Before this book was published, I considered "Pattern Recognition", by Theordoridis to be the best text for learning pattern recognition and classification. Although Theordoridis' book has some difficulties (not enough concrete exercises, ommission of structural methods, and not enough material on Bayesian Networks and HMMs), it seemed significantly better than previous texts. However, not only does Duda, Hart, and Stork's book succeed in those areas where the former fails, but it also has other strengths that the former book does not have: better illustrations, boxed formulas and algorithms, and highlighted defintions. Although somewhat superficial, these improvements mark the fact that pattern recognition is now considered a mainstream subject, and thus requires a mainstream text that keeps the integrity and rigor of the subject matter, while simultaneously making it more accessible to the average engineer. The new champ, however, does not come without it's own shortcomings. For example, I believe the last 3 chapters of Theodoridis' book should be read by anyone who wants a deeper understanding of clustering techniques for unsupervised learning. Moreover, this book fails to acknowledge the brilliant work done in computational learning by Vapnik and Chervonenkis, which reveals the authors' bias towards practice over theory. I believe it deserves more than passing mention in the historical notes section of unsupervised learning.

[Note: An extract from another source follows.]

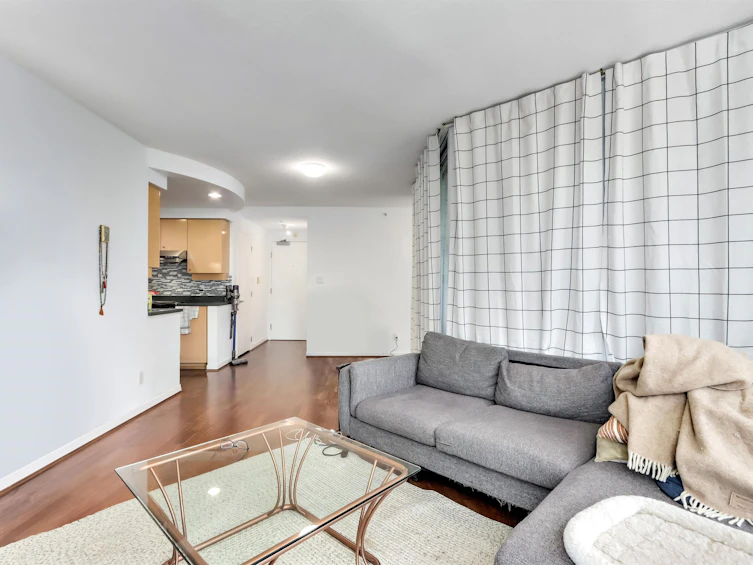 808-1009 Expo Boulevard, Vancouver, BC, V6Z 2V9 - 4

Pattern Classification by Duda et al.--2nd Edition

The 1973 edition of Pattern Classification by Richard Duda and Peter Hart is one of the most cited books in the fields of image processing, machine vision, and classification. It contains perhaps the clearest, most comprehensible descriptions of statistical inference ever written. Though intended for the image processing audience, it is general in its approach, and is broader in coverage than other contemporary books like the redoubtable Van Trees (1969). The section on Bayesian Learning anticipates the EM algorithm which appeared a few years later (Dempster, et al. 1977) and their description of Parzen windows for density estimation is more often cited than Parzen's own papers. The appearance of the 2000 2nd edition led this writer to wonder if D & H could repeat with an offering as good as their first. In particular, would D & H have kept up with the considerable growth in methodology in the 1990s? Well, they have! With the addition of David Stork as third author, the second addition re-presents the basic theory, illustrated with some beautiful and complex figures, and knits it neatly with an exposition of neural networks, stochastic methods for posterior determination, nonmetric classification (tree search and string parsing), and clustering. Chapter 9 is a particularly interesting review of the recent machine learning research making the point that, absent knowledge of a problem's specific domain, no one classifier is better that any other. This chapter also reviews solutions to the problem of training on too-small samples including the Jackknife and bootstrap methods, and newer bagging and boosting algorithms popular in data mining applications. Each chapter is well-designed, with a summary, many exercises (including computer exercises), and references to the literature (typically 50-100) including many recent references. This book is designed for an upper-level undergraduate/graduate audience. It doesn't assume a knowledge of statistics, but requires some familiarity with methods from calculus, real analysis, and linear algebra. The first edition was a particularly important element in this writer's education; the second edition is certain to find a similar place in the working and intellectual lives of many new readers.